Le mensuel américain Wired rapporte que, chez le groupe Telegram néonazi américain, les images de la gestuelle d’Elon Musk sont accompagnées d’un enthousiaste « On est de retour, putain ! » Même enthousiasme chez Patrick Casey, le fondateur du groupuscule néonazi Identity Europa, qui a commenté qu’il n’en croyait pas ses yeux.

La première remarque qui s’impose, c’est que les mêmes qui traînent en justice en France le moindre petit internaute accusé d’avoir émis un commentaire susceptible d’être assimilé à de l’antisémitisme, semblent avoir un courage à géométrie variable quand le multimilliardaire multiplie ses gestes et clins d’œil à l’extrême droite mondiale.

Ce n’est pas aujourd’hui que le propriétaire du réseau social X a décidé de faire des références antisémites claires, doublées d’une apologie de l’idéologie nazie. Quand il s’était attaqué au milliardaire juif George Soros, accusé de « détester l’humanité » et d’« éroder le tissu même de la civilisation », il ne faisait que reprendre à son compte l’affirmation classique selon laquelle « les Juifs ont la haine de tous ceux qui ne sont pas juifs ». Et la liste de ses références antisémites est encore longue.

Mais bien sûr, qui peut oser pointer du doigt le désormais numéro deux de l’administration de la première puissance mondiale ?

Reste que la fameuse accusation d’antisémitisme semble frappée d’obsolescence, depuis que le terme galvaudé, utilisé pour faire taire toute critique de la politique génocidaire d’Israël, a perdu toute crédibilité. La presse française use à satiété du terme pour éviter justement de se retrouver sous les feux des gardiens du temple, qui changent au gré de l’actualité.

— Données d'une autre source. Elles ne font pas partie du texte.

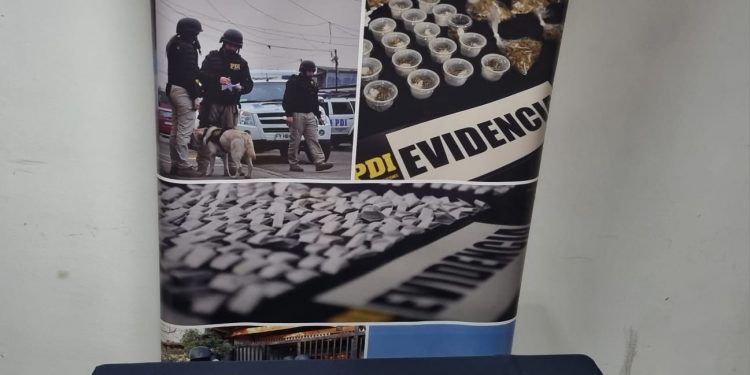 PDI Villa Alemana detiene a dos sujetos armados por microtráfico de drogas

Si le terme « antisémitisme » désigne toute forme d’hostilité ou de discrimination envers les Juifs en tant que groupe religieux, ethnique ou racial, une nouvelle définition de l’antisémitisme a été inventée. Elle inclut désormais la critique de l’État hébreu, faisant de l’antisionisme également « une haine des Juifs ». Haïr la politique d’épuration des Palestiniens par Israël peut être aussi ignoble que le sentiment de haïr les Juifs.

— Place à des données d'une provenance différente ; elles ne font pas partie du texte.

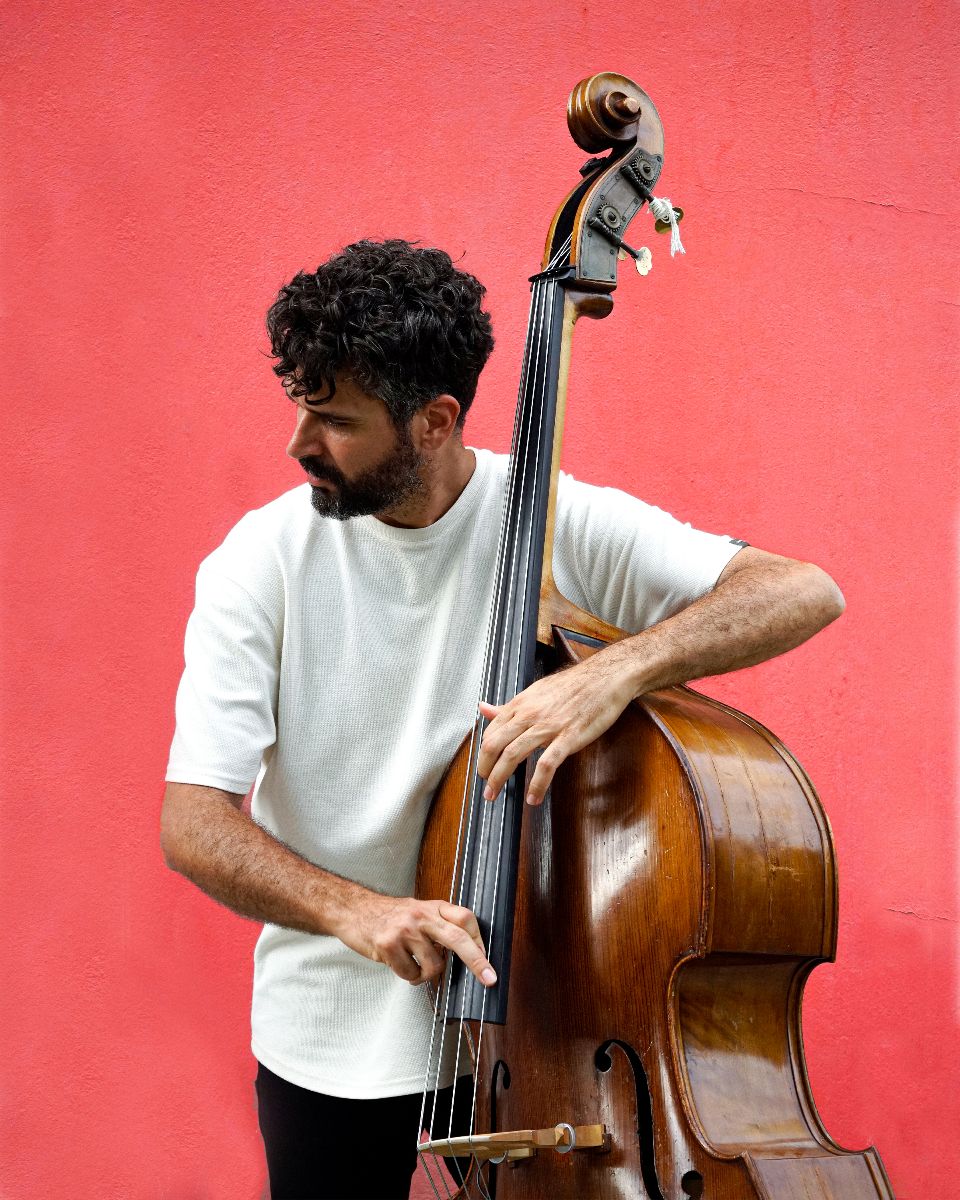 Ο Πέτρος Κλαμπάνης στο Half Note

La question elle-même relève de l’absurde. Tout d’abord, l’État d’Israël est considéré comme illégitime par bon nombre de Juifs (l’opposition juive au mouvement sioniste précède d’ailleurs la proclamation de l’État d’Israël en 1948). Un grand nombre de Juifs, qui n’ont jamais quitté le pays qui les a vus naître, ne sont pas israéliens.

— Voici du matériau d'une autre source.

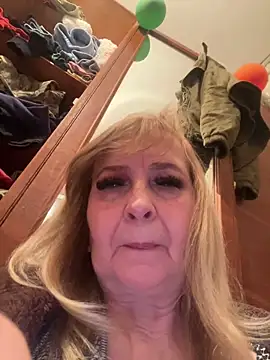 Irina2909@xh live sex cam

On a ainsi inversé le raisonnement : au lieu de dénoncer le sionisme, qui est lui-même une idéologie raciste, fondée sur les horribles crimes de guerre perpétrés chaque jour contre le peuple palestinien, le nettoyage ethnique de la population palestinienne et la construction de colonies illégales dans les territoires palestiniens occupés, on a imaginé toutes sortes de décrets et d’accusations fallacieuses, soutenues par une batterie de lois iniques, pour taire toute critique de ces crimes contre l’humanité.

Ce qui fausse le tableau, c’est qu’aujourd’hui, une partie de plus en plus visible de la communauté juive et de ses représentants, soutenue par de nombreux intellectuels français (pour des raisons qui ne relèvent pas forcément du courage intellectuel), utilise systématiquement une pseudo-judéophobie pour faire taire toute voix dissonante s’attaquant à la politique militaire et coloniale menée par le gouvernement de Netanyahou.

Malheureusement, le suicide des gouvernements israéliens, qui ont vendu aux Juifs du monde entier la chimère d’un État prospère bâti sur les cadavres des Palestiniens, a invisibilisé le courage et la parole de ces rares Juifs qui militent encore pour une paix juste au Proche-Orient, même si l’intolérable chantage à l’antisémitisme ne les concerne pas.